DR. HALLOWELL: Didn’t Patrick Moynihan call attention to this decades ago?

Kyle: He gave it a go, but because he was busy talking only about at-risk families, the cry kind of went unheeded, and a matter of fact, he was thought to be of a bleeding heart about it. That wonderful sociologic research that he did wound up not moving any needle, and we’re now aware in some of the replications we’re doing in California, it’s not just true in at-risk families. It’s true in the middle class and working class families as well, that when you positively engage fathers in the well-being of their children, it strengthens marriages, it strengthens the father’s health, because it turns out that what fathers bring to the table is quite different than what mothers bring to the table.
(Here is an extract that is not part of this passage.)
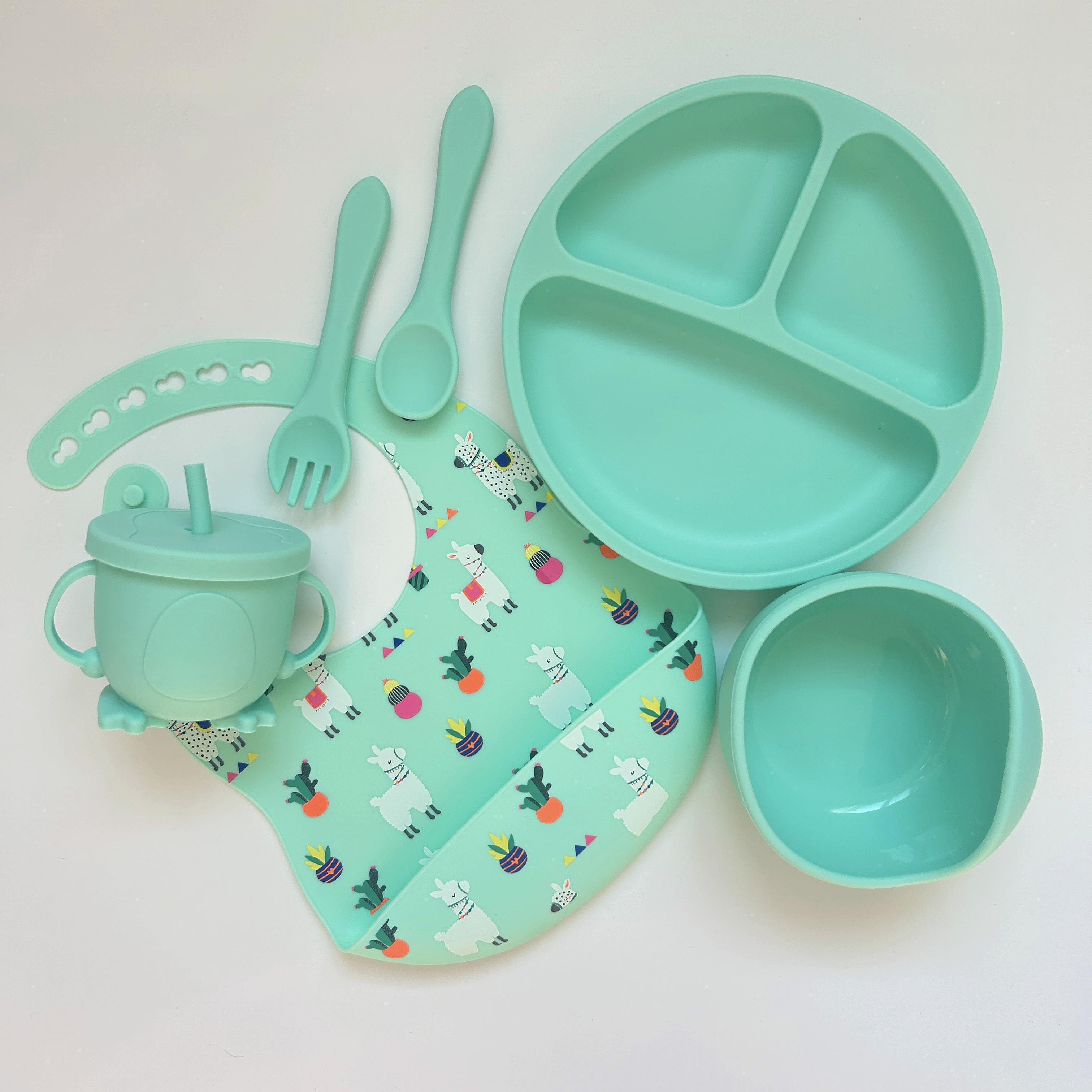 Дитячий посуд для годування RNSHPP img_e4465 принт Лами М'ятний (65778)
DR. HALLOWELL: What is it that they get specifically from dads, and what did I do right, or what should a dad listening be sure to do?

Kyle: I suppose to really answer that question we should call your kids up.

DR. HALLOWELL: Exactly. Exactly. Exactly.

Dads Positively Influence Their Children

Kyle: Yeah. If you think for a minute, the mother’s connection is about comfort, and security, and enveloping the child in that sense. The father’s is about we’re here together. We’re going to see what’s going on in the world, come on along for the ride. Another difference, when children are struggling to accomplish something, get their food in their mouth, trying to walk, learning how to tie shoes, you’ll see mothers predictably kind of tilting the playing field in the direction of success. They’ll finish the knot, or they’ll make it seem like the kid really did take a step without much help.

Dads you’ll see backing off a little bit more. They’ll let the child’s frustration tend to build a little bit, often to the discomfort of the moms, but you ask the dads what they’re doing they’ll say, “Look, you can’t cut all these corners for him the rest of his life. He’s going to have to learn how to do it for himself, and we’re the people to help him manage the frustration.” The mother said, “Oh, why didn’t you just make it easy for him?” The fathers will say, “It’s part of our job to help him realize he can do it himself.”

How vitally important their relationships are with their children. A lot of men spend a lot of time saying, “The most important thing I can do is support her. Most important thing I can do is keep the roof from leaking, bring home the bacon,” all that stuff. “That’s what my kid really needs from me.”

dads positively influence

You do not hear that from children. What you hear from kids, very directly, is that I need you in my life dad because you’re not mom. I need to learn from you about the way you see the world. I need to know where the limits are. What do you think is okay? What is not? You see children not only happier, but living longer and so are the men. It changes men, too. One of the things I think that’s happened in the research that, it wasn’t going on when I first started looking at these questions, but we now have exquisite detail about what’s going on in the brain and the hormonal systems of men when they are falling in love with their children.

The Relationship Hormone

There’s this incredible oxytocin hormone called the relationship hormone. There are very high levels when women become mothers. We didn’t think it would be even present in men, but we were wrong. We found it by mistake when we were looking at thyroid function, that it is just astronomically high when men are becoming fathers. It sets them up to be aware of their children’s presence, their smell, their cries, the movement of their bodies, the closeness that they seek out when we’re having skin-to-skin contact. That is, you’re on your way to becoming a bit of a junkie for your child, which is absolutely a good thing for that kid.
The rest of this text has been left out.